With all of the national and international jazz luminaries in town, it’s easy to overlook Rochester’s local jazz greats.
Eastman School of Music professor Harold Danko played with Chet Baker, Lee Konitz, Gerry Mulligan and others before he became a professor. In his Hatch Hall concert he told stories about his evolution as a pianist-composer and put his tunes in context.
Danko has written some gems over the years. “Mirth Song” has a beautifully quirky melody reminiscent of one of Eric Satie’s Gnossiennes with the addition of some forays under the hood to strum and pluck strings. His “Blue Swedish Wildflowers” was beautifully impressionistic from start to finish.
Ever the professor, Danko had the audience supply a vital D through the parts of a tune that, as he explained, had an augmented chord and a diminished chord, both of which needed that D. And he taught us more than most of us ever knew about the middle pedal on the piano.
But it was his compositions, and his brilliant technique playing them, that won the day, especially the one he saved for last. His “Tidal Breeze,” which was covered by Baker, Konitz, and others, is a lilting and catchy classic despite its harmonic complexity.
Earlier in the evening I heard bassist-singer Phaedra Kwant and her group at Max.
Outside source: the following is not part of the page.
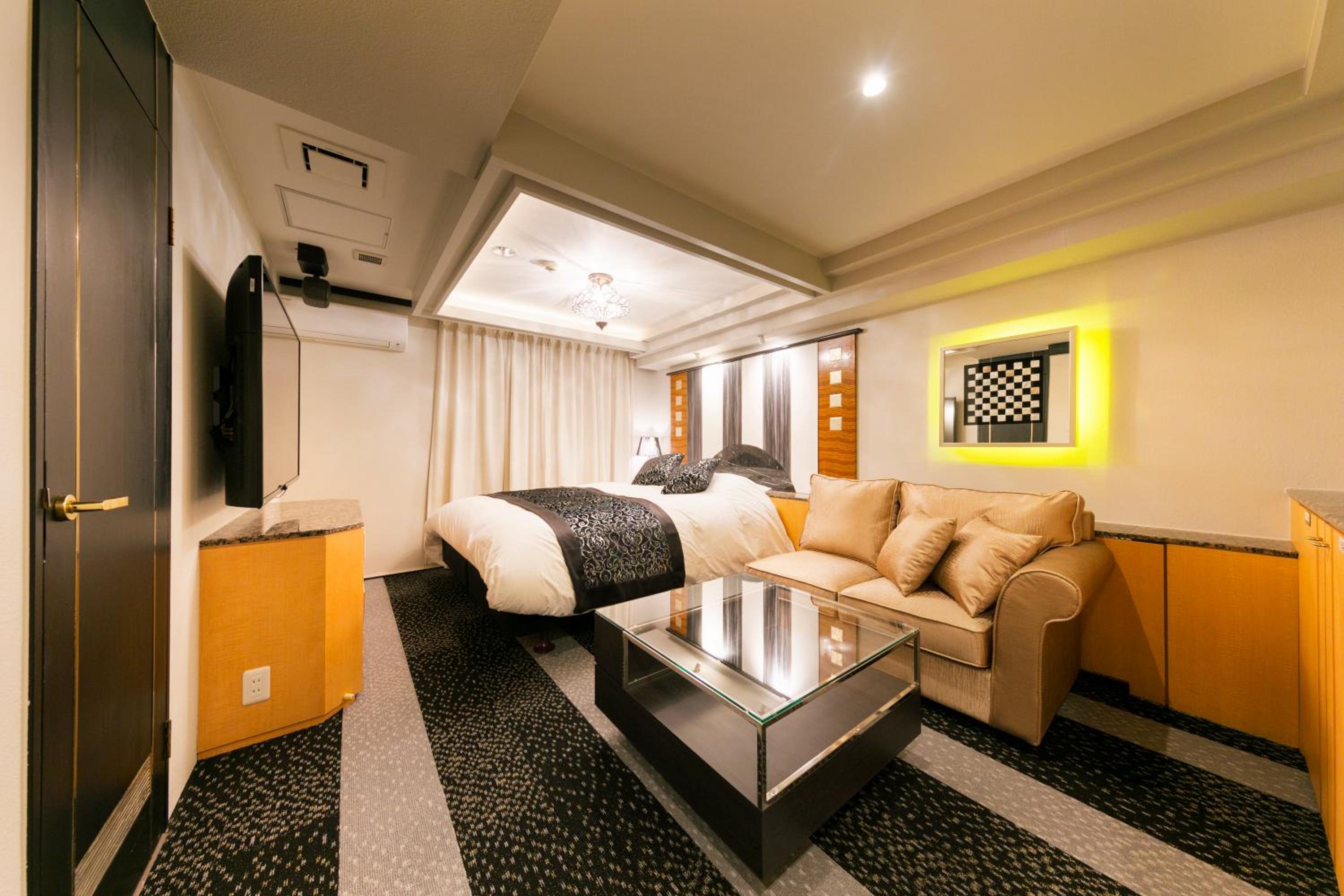 Standard Double Room - Photo 8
Kwant sang several of her tunes in a manner that recalled late-period Joni Mitchell, but I preferred the instrumentals where she showed off her bass chops. Especially strong was the set’s funkiest number, “Action Hero.”
I ended the night with The Wee Trio at the Little Theatre. The most striking thing about the group was the simpatico between the three members. While many groups come across as a collection of disparate musicians, these guys played as one.
That might be because of mutual respect; all three are phenomenal players. James Westfall was the latest in a series of top vibraphone players at this year’s festival, Dan Loomis took great bass solos, and Jared Schonig saved his showcase solo till the end. All three provided excellent compositions, but the band was best on Ray Noble’s classic, “Cherokee.”
I’ll start the final night of Jazz Fest at Kilbourn Hall with Newport Jazz Festival Now 60. Clarinetist-saxophonist Anat Cohen is the musical director of this crew and that’s enough to get me there early. Later, I’ll catch up-and-coming pianist Stephanie Trick at Hatch Hall and Scott Feiner & Pandeiro Jazz at the Little Theatre.